As well as watering your lilacs and giving them fertilizer, you should also schedule time for pruning the shrubs. Pruning will promote flower growth and encourage better air circulation to your plants.
You can start pruning lilacs after the flowers have bloomed. Remove all the spent blossoms and reduce the length of any leggy branches. Trim away any crossing branches or ones that show damage or disease.
If you have the space and don’t mind the overgrown look, then you can let them grow wild, but you might have fewer blossoms than you would on a maintained shrub.
Common Lilac Pests and Diseases
The majority of lilacs are resistant to many pests and diseases, but there are a few common problems to watch for.
There are several types of blight that attack lilacs: bacterial, shoot, and Asocochyta. These blights are caused by Pseudomonas syringae, Phytophthora cactorum, and Ascochyta syringae.
All blights cause the leaves or stems to shrivel and turn black or brown. The flowers might also be impacted.
Prune away any infected parts as soon as you see them. You should also try to maintain good spacing and avoid watering from overhead.
Powdery mildew can be found on lilac shrubs during summer when there is more humidity and dry weather.
You can notice this disease from its white, powdery texture that can be seen on the foliage of your plant. Thankfully, you can cure powdery mildew with a natural fungicide. So, if you run into trouble and this disease infects your shrubs, a treatment of fungicide should help!
Oystershell scale (Lepidosaphes ulmi) and apricot scale, or European fruit lecanium (Parthenolecanium corni), both feed on lilacs. Head to our guide to learn how to handle these pests.
Lilac borers (Podosesia syringae) are the larvae of wasp-like clearwing moths. The cream worms have brown heads and they bore into the stems of the plants. The stems will be weakened and the leaves will wilt.

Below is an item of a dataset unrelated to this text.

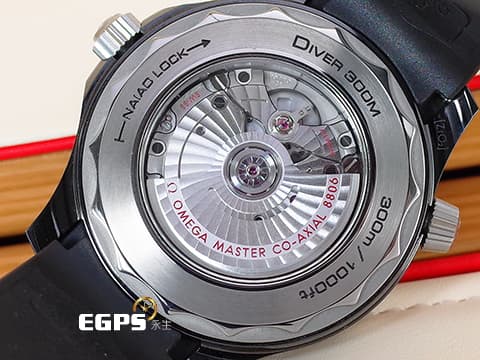 OMEGA 歐米茄 Seamaster Diver 300 海馬系列 21092442001001 黑陶瓷錶殼+波浪紋面盤 同軸擒縱 2022年台灣公司貨 排氦閥門 潛水錶 自動上鍊 43.5mm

You’ll need to prune out any infested stems since insecticides don’t usually work. In the fall, use a systemic pesticide such as the one made by Bonide in order to kill next year’s generation.
Obviously, you can just leave the flowers on your shrubs for a beautiful and fragrant spring display, but you can also cut the flowers and use them in vases to bring some of the magic indoors.
Lilacs are also edible. Try them candied, ground with sugar, or place the flowers in equal parts water and sugar, cover with cloth, and agitate daily. After a few days, strain out the petals and seal with a lid. In a few days, you’ll have a fizzy lilac cordial.